Influence of Microscopic Electric Field Enhancement on Microparticle Impact Phenomena Based on Fractal Modeling

• Published in: IEEE transactions on plasma science Vol. 45; no. 9; pp. 2588 - 2595
• Main Authors: Zhang, Yingyao, Xu, Xinye, Jin, Lijun, An, Zhenlian, Geng, Yingsan, Wang, Jianhua
• Format: Journal Article
• Language: English
• Published: New York IEEE 01.09.2017; The Institute of Electrical and Electronics Engineers, Inc. (IEEE)

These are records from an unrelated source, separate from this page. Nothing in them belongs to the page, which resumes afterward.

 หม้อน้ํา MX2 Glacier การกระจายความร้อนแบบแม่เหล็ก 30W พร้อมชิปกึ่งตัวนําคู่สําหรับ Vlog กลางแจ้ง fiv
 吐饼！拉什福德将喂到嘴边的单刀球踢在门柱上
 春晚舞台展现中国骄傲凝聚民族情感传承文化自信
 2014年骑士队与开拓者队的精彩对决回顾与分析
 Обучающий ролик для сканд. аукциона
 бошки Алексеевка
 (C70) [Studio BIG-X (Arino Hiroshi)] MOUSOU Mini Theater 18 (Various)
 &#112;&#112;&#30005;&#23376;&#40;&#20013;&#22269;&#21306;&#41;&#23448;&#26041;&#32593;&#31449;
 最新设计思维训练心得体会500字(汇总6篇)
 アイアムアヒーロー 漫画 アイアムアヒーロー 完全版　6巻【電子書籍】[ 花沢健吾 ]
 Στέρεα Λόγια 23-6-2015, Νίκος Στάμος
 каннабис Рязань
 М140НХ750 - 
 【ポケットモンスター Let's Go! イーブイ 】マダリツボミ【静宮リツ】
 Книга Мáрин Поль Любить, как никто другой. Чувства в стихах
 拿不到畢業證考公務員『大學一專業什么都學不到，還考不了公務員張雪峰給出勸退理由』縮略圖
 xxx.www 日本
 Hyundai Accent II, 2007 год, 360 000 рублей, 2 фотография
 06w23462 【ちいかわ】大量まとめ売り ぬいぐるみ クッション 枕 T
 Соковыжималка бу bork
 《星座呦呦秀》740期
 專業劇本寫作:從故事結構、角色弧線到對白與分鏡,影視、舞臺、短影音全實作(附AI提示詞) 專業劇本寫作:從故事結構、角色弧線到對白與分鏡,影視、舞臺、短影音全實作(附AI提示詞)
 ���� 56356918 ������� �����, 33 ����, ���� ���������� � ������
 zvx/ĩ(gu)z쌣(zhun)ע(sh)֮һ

• Subjects: Computational fluid dynamics; Computer simulation; Copper; Craters; Distortion; Electric contacts; Electric fields; Fluid flow; Fractal models; Fractal theory; Fractals; Hydrodynamics; impact phenomena; microparticle; Microparticles; microprotrusion; microscopic electric field; Microscopy; Modelling; Smooth particle hydrodynamics; Studies; Vacuum breakdown
• ISSN: 0093-3813; 1939-9375
• DOI: 10.1109/TPS.2017.2727542

The objective of this paper is to study the influence of microscopic electric field enhancement caused by microprotrusions on microparticle impact phenomena based on fractal modeling. In this paper, microprotrusions with a radius of 5 μm and heights 0, 1, 2, 5, and 10 μm are considered, according to the height-width ratios 0, 0.2, 0.4, 1, and 2, respectively. The microparticles and contacts are assumed to be made of copper. The radius of the microparticle is assumed to be 0.1 μm and the applied voltage is 60 kV. First, microprotrusions with different height-width ratios are modeled based on fractal theory. Then, the microscopic electric field distortions caused by microprotrusions on the contact surface are simulated based on fractal models of microprotrusions. The impact velocities of microparticles under different cases are calculated based on basic microparticle theories. Finally, the microparticle impact phenomena are simulated using the smoothed particle hydrodynamics method under the microscopic electric field caused by microprotrusions on the contact surface. The results show that the microscopic electric field enhancement caused by microprotrusions will have a significant influence on impact velocities, the characteristics of secondary particles, and the craters produced on the target contact surface. The results of this paper may provide some useful information to further understand the vacuum breakdown initiated by microparticles.